13.4. Delegation of Rights and Duties. Agent may, upon any term or condition it specifies, delegate or exercise any of its rights, powers and remedies under, and delegate or perform any of its duties or any other action with respect to, any Loan Document by or through any trustee, co-agent, employee, attorney-in-fact and any other Person (including any Lender), provided that Agent shall be liable for all acts or failures to act of any such Person to the same extent as Agent would be if Agent performed such action. Any such Person shall benefit from this Article 13 to the extent provided by Agent.
13.5. Reliance and Liability.
(a) Agent may, without incurring any liability hereunder, (i) treat the payee of any note issued hereunder as its holder until such note has been assigned in accordance with the terms of this Agreement, (ii) rely on the Register, (iii) consult with any advisors, accountants and other experts (including advisors to, and accountants and experts engaged by, any Loan Party) and (iv) rely and act upon any document and information (including those transmitted by electronic transmission) and any telephone message or conversation, in each case believed by it to be genuine and transmitted, signed or otherwise authenticated by the appropriate parties.

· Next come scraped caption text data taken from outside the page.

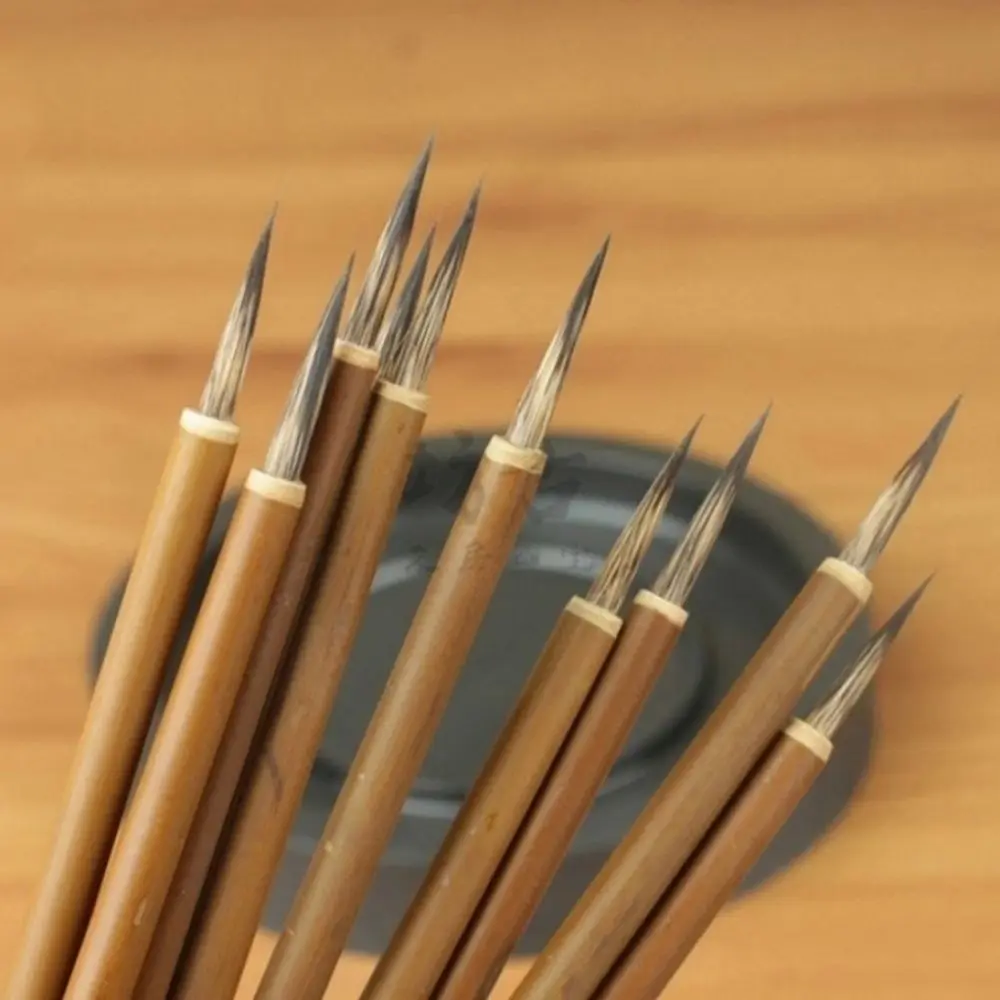 Kunst Schreibwaren Wiesel Haar Pinsel Stift Pinsel Haken Linie Stift Kalligraphie Pinsel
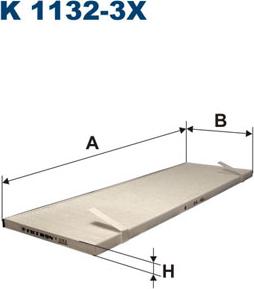 Filtron K1132-3x - Фильтр воздуха в салоне parts5.com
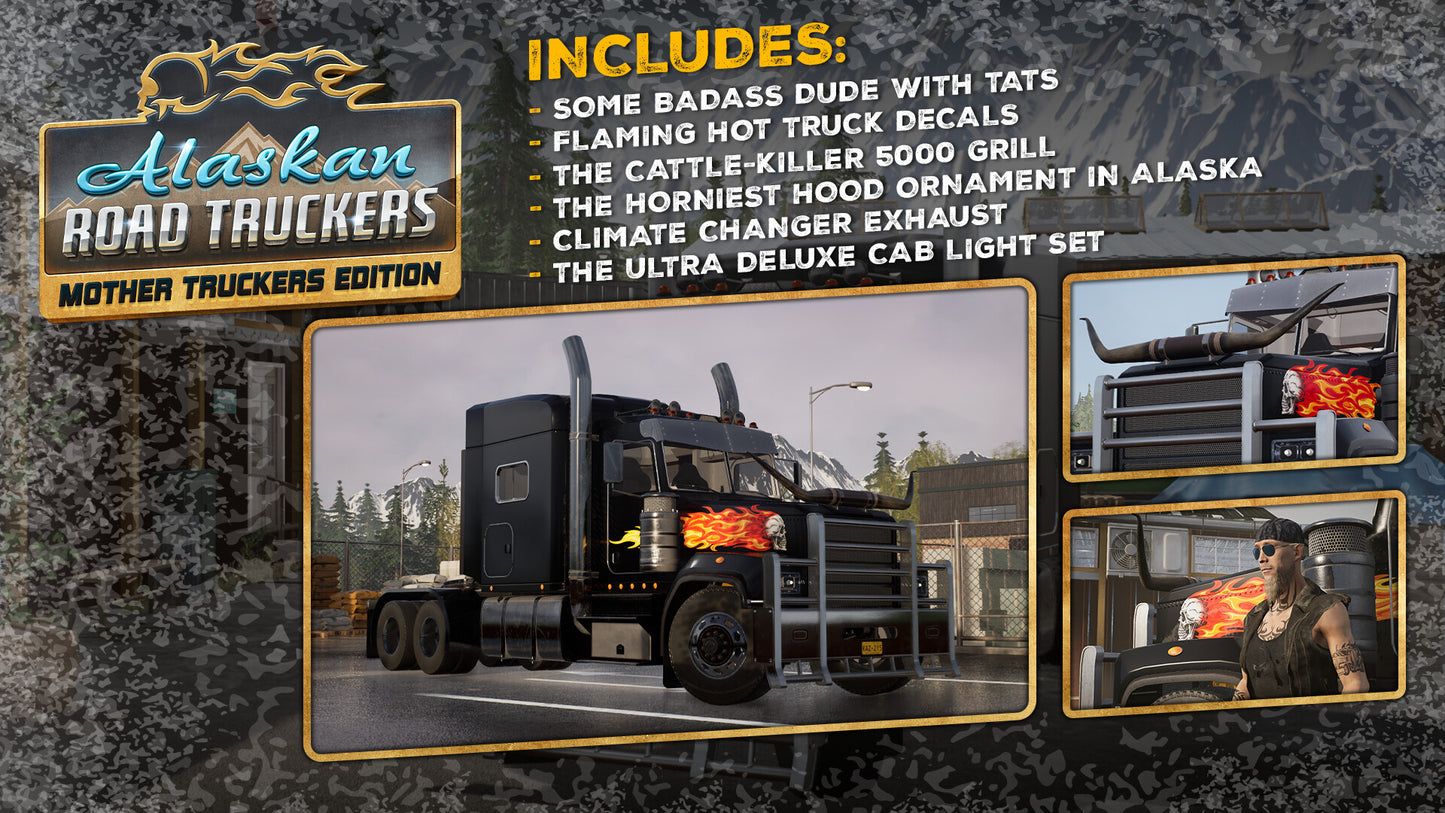 Alaskan Road Truckers - Mother Truckers DLC PC Steam CD Key  REGION FREE  [Email/Instant Delivery]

(b) None of Agent and its officers, employees, affiliates or agents shall be liable for any action taken or omitted to be taken by any of them under or in connection with any Loan Document, and each Lender, each Borrower and each other Loan Party hereby waive and shall not assert (and each Borrower shall cause each other Loan Party to waive and agree not to assert) any right, claim or cause of action based thereon, except to the extent of liabilities resulting from the gross negligence or willful misconduct as determined by a court of competent jurisdiction by final and nonappealable judgment of Agent or, as the case may be, such officers, employees, affiliates or agents (each as determined in a final, non-appealable judgment by a court of competent jurisdiction) in connection with the duties expressly set forth herein.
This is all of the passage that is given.